Inflation Still Running Above Target
The latest combination of inflation and labor market data has made it almost certain that the Federal Reserve will begin cutting rates at its September meeting. August CPI showed headline inflation climbing to 2.9% year-over-year, while core inflation held at 3.1%. Month-over-month, prices rose 0.4%, a touch hotter than expected. Much of the stickiness reflects tariff-related pressures and rising energy costs, but the bigger story is the weakening labor market, which is forcing the Fed to shift its focus away from inflation.
Labor Market Cracks Widen
Recent revisions revealed that the U.S. added over 900,000 fewer jobs in the year through March than previously reported, with more than 1.2 million jobs effectively missing when subsequent adjustments are included.

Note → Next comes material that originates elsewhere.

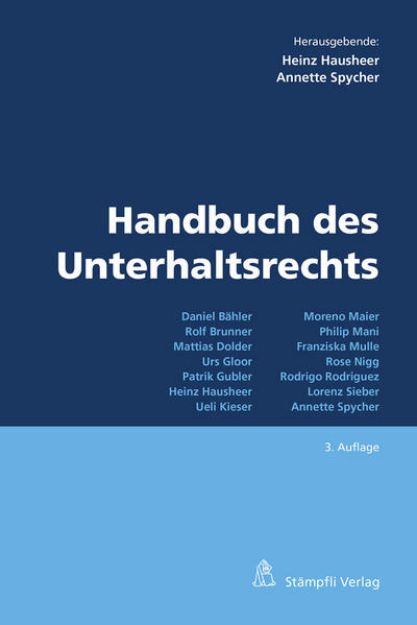 Bild von Handbuch des Unterhaltsrechts von Daniel Bähler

Payroll growth in the summer months has slowed to an average of just 29,000 per month, far below the pace needed to keep unemployment stable. Weekly jobless claims have now risen to 263,000, the highest in nearly four years, signaling that cracks in the jobs market are turning into broader structural weakness.
Fed Set to Begin Cutting Rates in September
Markets are pricing in almost a 100% chance of a 25 basis point cut next week, with a small possibility of a half-point reduction. While inflation remains above target, the Fed’s dual mandate obliges it to address growing risks to employment. Chair Jerome Powell is expected to emphasize that further cuts are likely in October and December, setting up a series of moves that could lower policy rates by 75 to 100 basis points by year-end.

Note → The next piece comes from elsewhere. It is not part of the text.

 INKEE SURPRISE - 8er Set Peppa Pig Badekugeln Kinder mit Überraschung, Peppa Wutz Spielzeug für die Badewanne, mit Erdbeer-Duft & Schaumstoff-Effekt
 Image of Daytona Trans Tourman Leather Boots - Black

Equities Surge on Policy Shift
Equities have responded forcefully. The Dow surged above 46,000 for the first time, the S&P 500 broke past 6,500, and the Nasdaq crossed 22,000, reflecting optimism that monetary easing will support valuations. Growth and technology stocks, most sensitive to falling discount rates, are leading the rally, while rate-sensitive sectors such as housing and utilities also stand to benefit. At the same time, consumer-driven sectors could face headwinds if job losses weigh further on household demand.
Outlook: Soft Landing or Fragile Balance?
By late 2025, the equity outlook appears cautiously optimistic. Should the Fed achieve a soft landing—easing policy to support jobs without sparking new inflation—record market highs could hold. Cheaper borrowing will improve financial conditions, spur corporate investment, and help support valuations. Still, volatility is expected to stay high around Fed decisions, tariff developments, and labor market reports.
Bottom Line
In short, the Fed’s pivot to rate cuts is now firmly underway. Inflation is still persistent, but mounting weakness in the labor market poses the bigger risk. The first step will be taken in September, with more easing likely to follow, and the equity market has already begun to price in this new cycle. By the close of 2025, whether stocks remain at record levels will depend not only on policy support but also on the Fed’s ability to balance growth risks against the lingering pressures of tariffs and prices.